A pediment is the triangular space above a rectangular doorway or opening. The pediments at Banteay Srei, are fairly large compared to the size of the doorways and have a sweeping gabled shape. Whole scenes of mythological subject-matter are depicted on these pediments, this was the first time in Khmer architecture that it had been done.

Above: Temple
On the pediment, Shiva Nataraja is depicted on the eastern gopura of the inner enclosure wall. Between the gopuras on the collapsed inner wall are the buildings of the inner enclosure: a library in the south-east corner and another in the north-east corner, and in the centre the sanctuary set on a T-shaped platform 0.9 m high. Besides being the most extravagantly decorated parts of the temple, these have also been the most successfully restored, this is in part due to the durability of the sandstone and the small scale.

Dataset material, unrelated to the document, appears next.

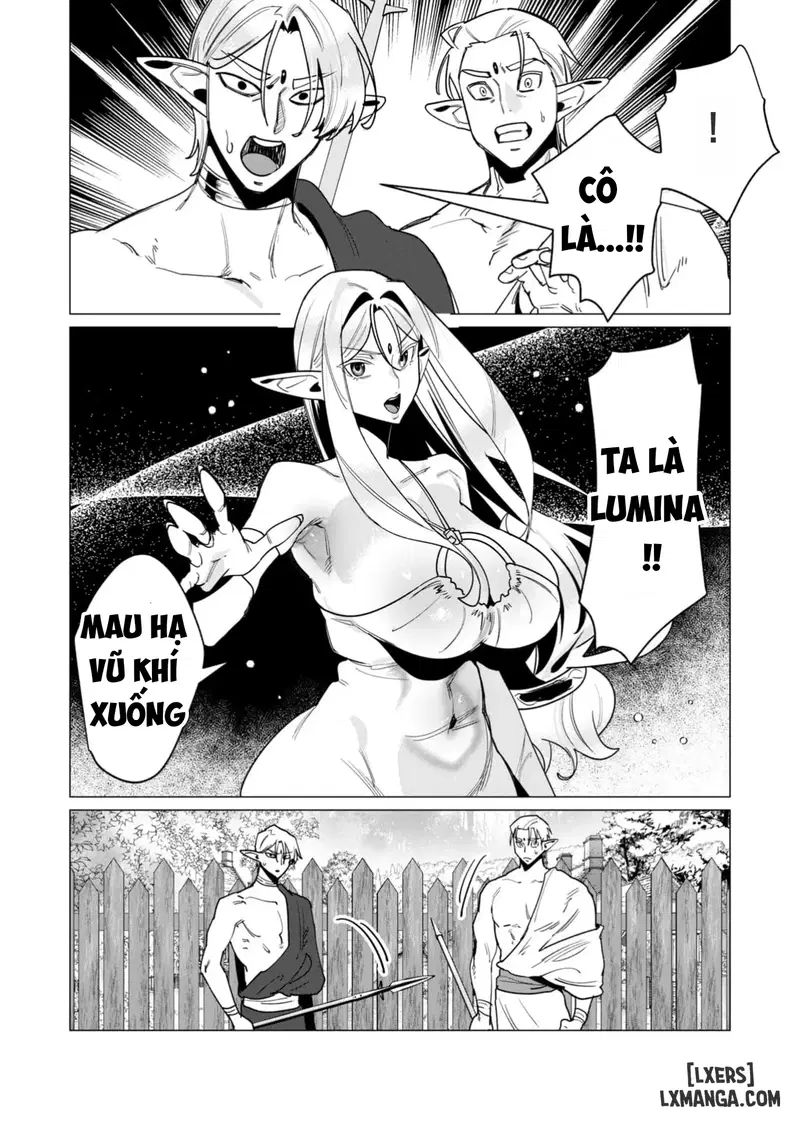 Dũng sĩ và lời nguyền Dark Elf - Trang 16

Above: Guarding the temple
Within the inner enclosure, there are three sanctuary towers. The central sanctuary is slightly taller that the other two, and is linked to a mandapa (ante-chamber). Both the north and central sanctuary are dedicated to Shiva while the south sanctuary is dedicated to Vishnu. Different guardian figures, usually of a human body with an animal head such as the lion, garuda or monkey, protect each of these sanctuaries

Above: Hanuman
On the right - monkey-headed statues guarding the antechamber of the central sanctuary.
The monkey is Hanuman, the king of the forest dwellers (monkeys) and an important figure in the Hindu epic the Ramayana.
The legend is about the kidnapping of Sita, by the evil king of Lanka (sri Lanka) and subsequent war to rescue her. Its the original story of good defeating evil. Every Hindu knows this saga, and its a great piece of literature. This story is told in bass relief at Angkor wat. Buddhism is an offshoot of Hinduism and many deities are still revered and displayed.

Above: Spindled windows

Above: Carving of a kala and Siva
A kala is a mythical creature representative of time and of the god Siva. Through the openings, you can see the inner courtyard.

Above: Burning of Khandava Forest
Khandava Forest was an ancient forest to the west of Yamuna river. Arjuna and Vasudeva Krishna cleared this forest by setting up a fire.

Above Floor plan of Banteay Srei

62. Banteay Srei - 1

Banteay Srei - Lady Temple

After leaving Ta Prohm, I think my driver thought we were going back to town, but I wanted to see Banteay Srei - this was one temple I really, really wanted to see. We set off and after a number of turns the road became quite bumpy. Mistakenly I thought it was only 12 or 13 kms from town, little did I realise it was actually around 36 kms! After some time, I badly needed to find a loo, but the tuk tuk kept going bumpety bumpety bump - let me tell you, riding along a very bumpy road full of potholes with a full bladder is not the most enjoyable of things to do. As I said, I thought the distance was much shorter than it was. Had I known, I'd have told the driver to stop long beforehand. I did actually say towards the end, could we stop for the lades toilet but he said no, no, there's toilet at the temple.

I can laugh about it now, but at the time it was not a laughing matter.☺

Above: Shops at Banteay Srei
Arriving at Banteay Srei, my driver said he'd meet me at the restaurant. I bolted for the ladies - you had to pay to use them but there wasn't anyone on duty. After sitting and drinking the inevitable bottle of water, I set off. There are two long rows of shops and stalls.

Above: Crossing the bridge
The white building with the red roof is the public toilet block - quite a few people sat on the verandah in the shade. Several ladies came up to me selling scarves but having learnt my lesson the day before, I just smiled, shook my head and politely said, "No thank you". You can see the first row of shops to the left.

You cross over the bridge and turn right. Then it's a fair walk down a long red earth dusty path which seemed to shimmer in the heat of the middle of the day.

Above: Pathway and temple
At the end of the first path you turn left as the road winds its way down - a canopy of trees here and there to break the sun. As I neared the temple, there were four or five locals on the left hand side. I spoke with one chap, and he said when I came back to tell him what I felt.

In the above collage, the lower left photo is of the inner courtyard, the photo on the right is the entrance.